В первую очередь ее заботили проблемы женского здоровья и сексуальности и связанные с ними лицемерные предрассудки. Мама выросла на ферме в Миннесоте и год за годом была свидетельницей малоприятной драмы, которая разыгрывалась буквально в каждой семье. Молоденькие девушки, забеременев, были «вынуждены» выйти замуж. Вообще-то именно так заключалось большинство браков. Но каждый раз, когда это происходило – каждый раз без исключения, – разражался ужасный скандал, который оборачивался позором для семьи девушки и публичным унижением для нее самой. И общество всякий раз вело себя так, будто это шокирующее событие происходило впервые, – а ведь оно происходило по крайней мере пять раз в год, причем в семьях самого разного общественного положения.

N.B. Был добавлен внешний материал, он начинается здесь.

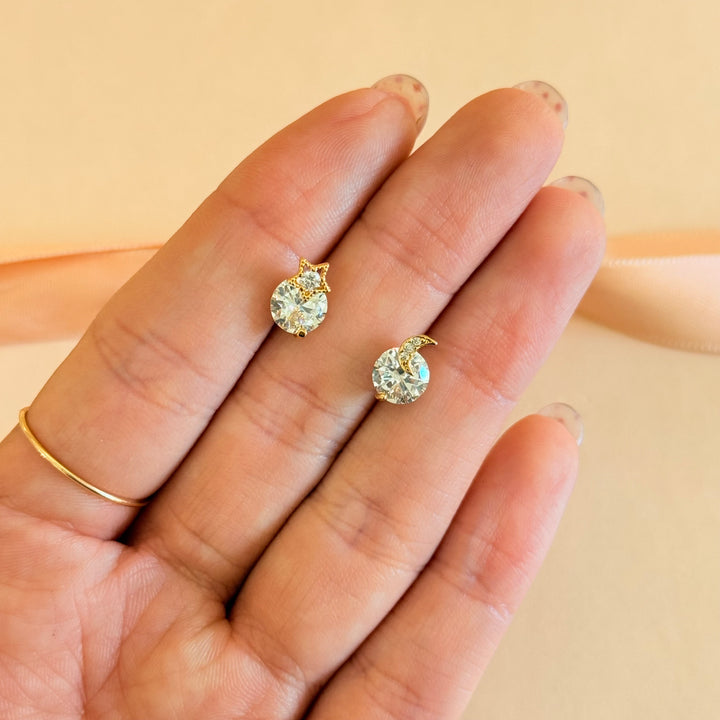 Star and moon small zircone gold plated studs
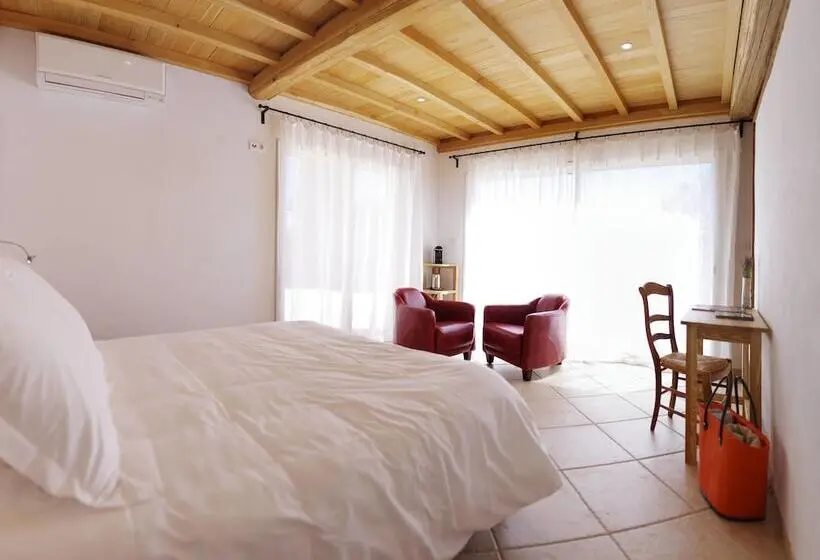 スタンダードルーム, Les Carriers Maison D'hôtes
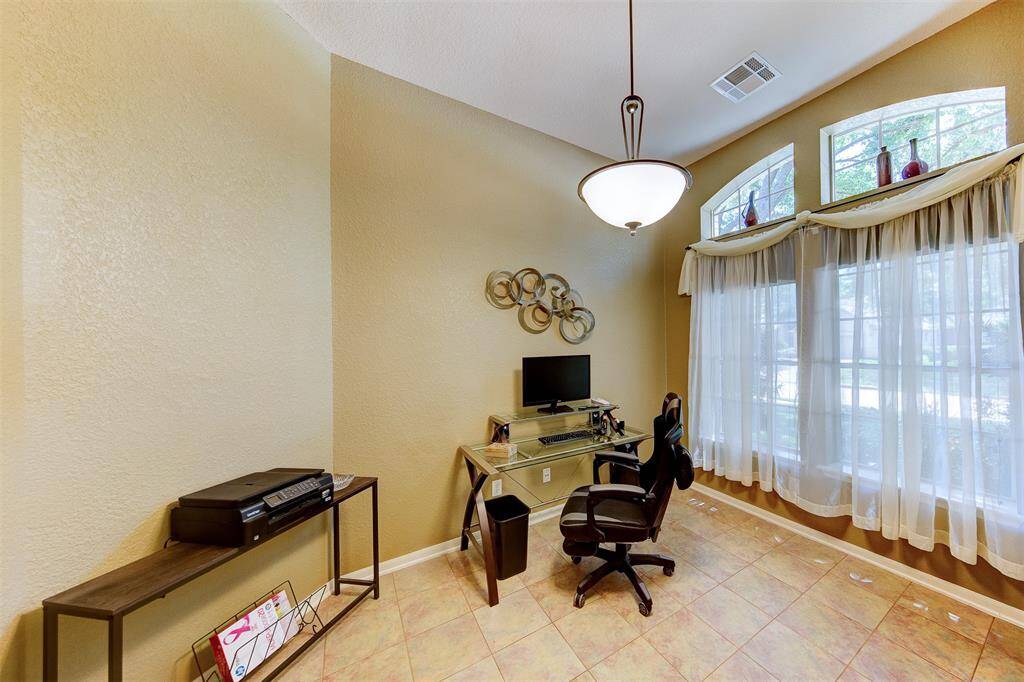 Office/Flex Space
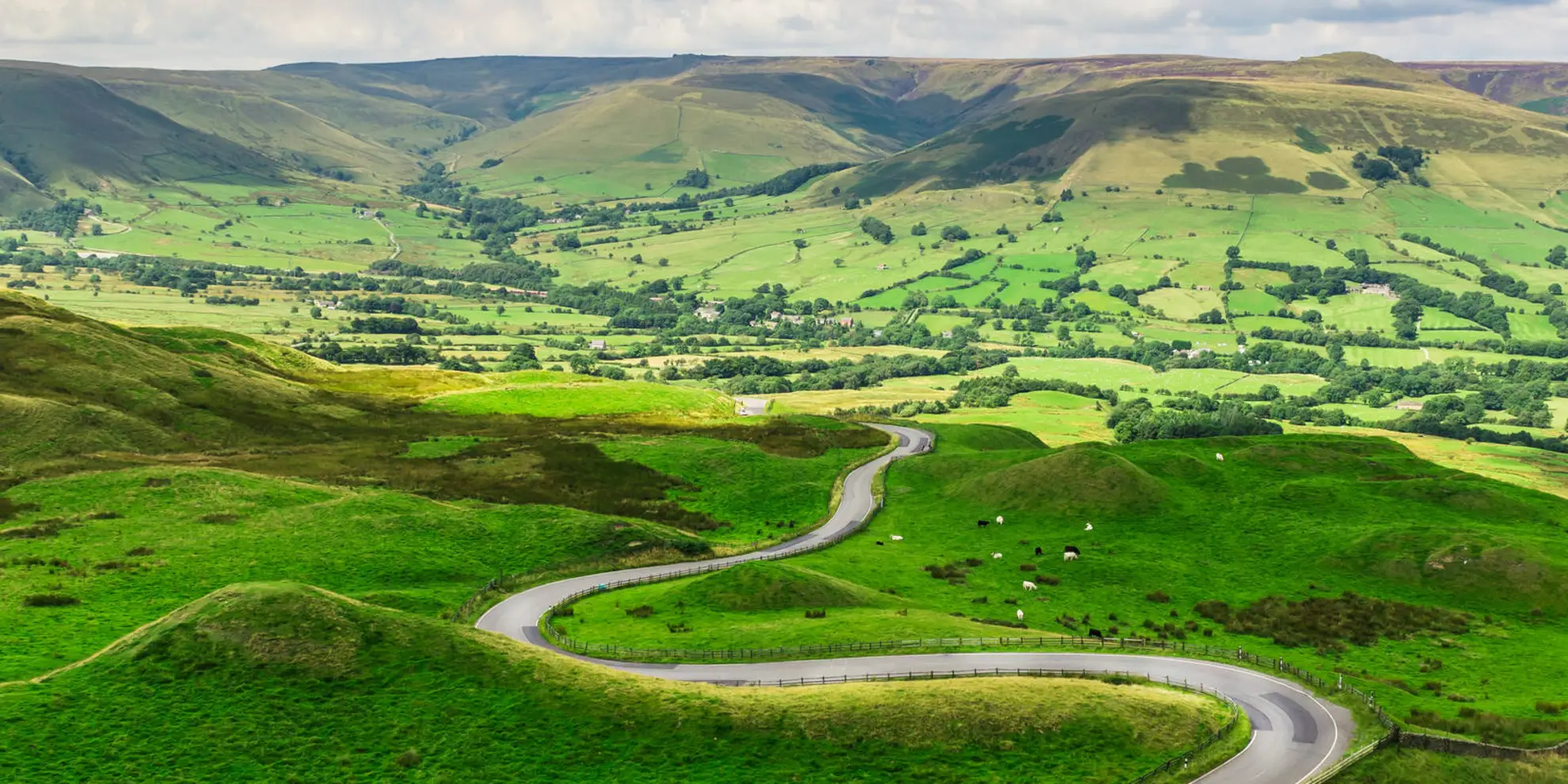An image depicting the trail Kinder - Edale and Castleton Ridge from Hope and its surrounding area.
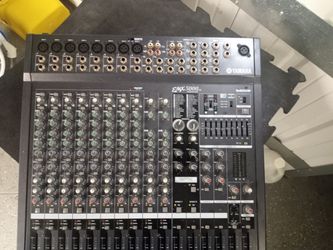 YAMAHA EMX 5000-(12) ch. POWERED MIXER for Sale in Miami, FL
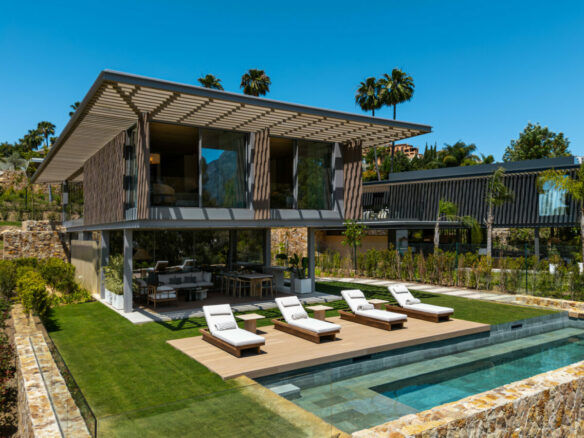 FOR SALE 🏡 Architect-Designed Modern Villa with Mediterranean Views – La Cerquilla, Nueva Andalucía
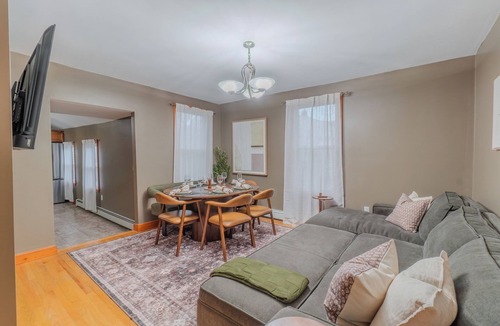 Inman Square Apartment | Spacious 5 bed apartment retreat in gorgeous Cambridge, Walk to Harvard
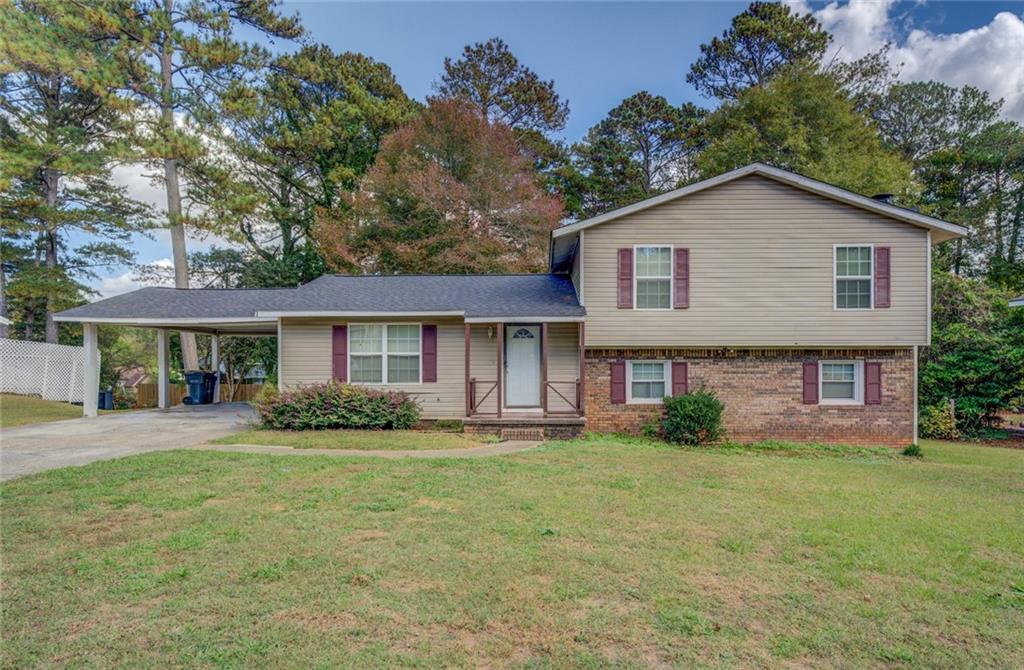 8354 Willows Terrace Riverdale, GA 30274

А вот молодого человека – собственно виновника происшествия – почему-то позор не касался. Его вообще обычно считали непричастным к делу, а иногда и жертвой соблазнения или провокации. Если он соглашался жениться на девушке, считалось, что ей повезло. Такой поступок воспринимали почти как акт милосердия. Если же он отказывался, девушку отсылали подальше на период беременности, а парень доучивался в школе или работал на ферме, как будто ничего не случилось. В общественном сознании он словно и не присутствовал при том злополучном половом акте. Его роль в зачатии была абсурдно непорочной – ну прямо как в Библии.
Наблюдая за этой картиной в период взросления, мама уже в юности пришла к довольно проницательному выводу: общество, в котором женская сексуальная мораль имеет огромное значение, а мужская сексуальная мораль не имеет значения вообще, – извращенное и неэтичное общество. Раньше она никогда не озвучивала свои чувства, однако, когда в 1970-е женщины заговорили об этом вслух, она наконец-то услышала то, о чем часто думала. Из всех аспектов феминистского движения – равноправие при приеме на работу, право на образование, равные законные права, уравнение обязанностей мужей и жен – ближе всего моей матери была одна проблема:
Воодушевленная своими убеждениями, она устроилась на работу в Центр планирования семьи в Торрингтоне, штат Коннектикут. Это случилось еще тогда, когда мы с сестренкой были совсем маленькие. Ее взяли благодаря медсестринскому опыту, однако неотъемлемой частью команды она стала благодаря врожденному таланту организатора. Вскоре весь офис был под маминым началом, и Центр планирования семьи, который начинался как одна комната в частном доме, превратился в полноценную клинику. Это было революционное время. Тогда даже разговоры о контрацепции считались чем-то безбожным – а уж об абортах и вовсе молчу. В год моего рождения презервативы в Коннектикуте по-прежнему были вне закона, а местный епископ в выступлении перед законодательным собранием штата заявлял, что, если запрет на контрацептивы отменят, не далее как через двадцать пять лет от штата останутся «лишь дымящиеся руины».
Мама любила свою работу. Она стояла на передовой революции в здравоохранении и нарушала все правила, открыто рассуждая о человеческой сексуальности, добивалась открытия центров планирования семьи во всех штатах по всей стране, внушая молодым женщинам, что они сами должны решать, как им поступить с собственным телом, и разрушая мифы и слухи о беременности и венерических заболеваниях. Она сражалась с ханжескими законами, но главное – предлагала усталым матерям (да и отцам) выбор, которого у них никогда раньше не было. Своим трудом она как будто компенсировала мучения всех своих двоюродных сестер, теток, подруг и соседок, которые страдали из-за того, что выбора у них не было. Мама всю жизнь была трудягой, эта работа – эта карьера – стала выражением самой ее сущности, и она дорожила каждой секундой трудового дня.
А потом, в 1976-м, уволилась.
Она приняла решение в ту неделю, когда ей предстояла поездка на важную конференцию в Хартфорде, а мы с сестрой заболели корью. Мне было семь, моей сестре – десять, и, разумеется, в школу мы ходить не могли. Мама попросила отца взять два выходных на работе и посидеть с нами, чтобы она могла поехать на конференцию. Но он отказался.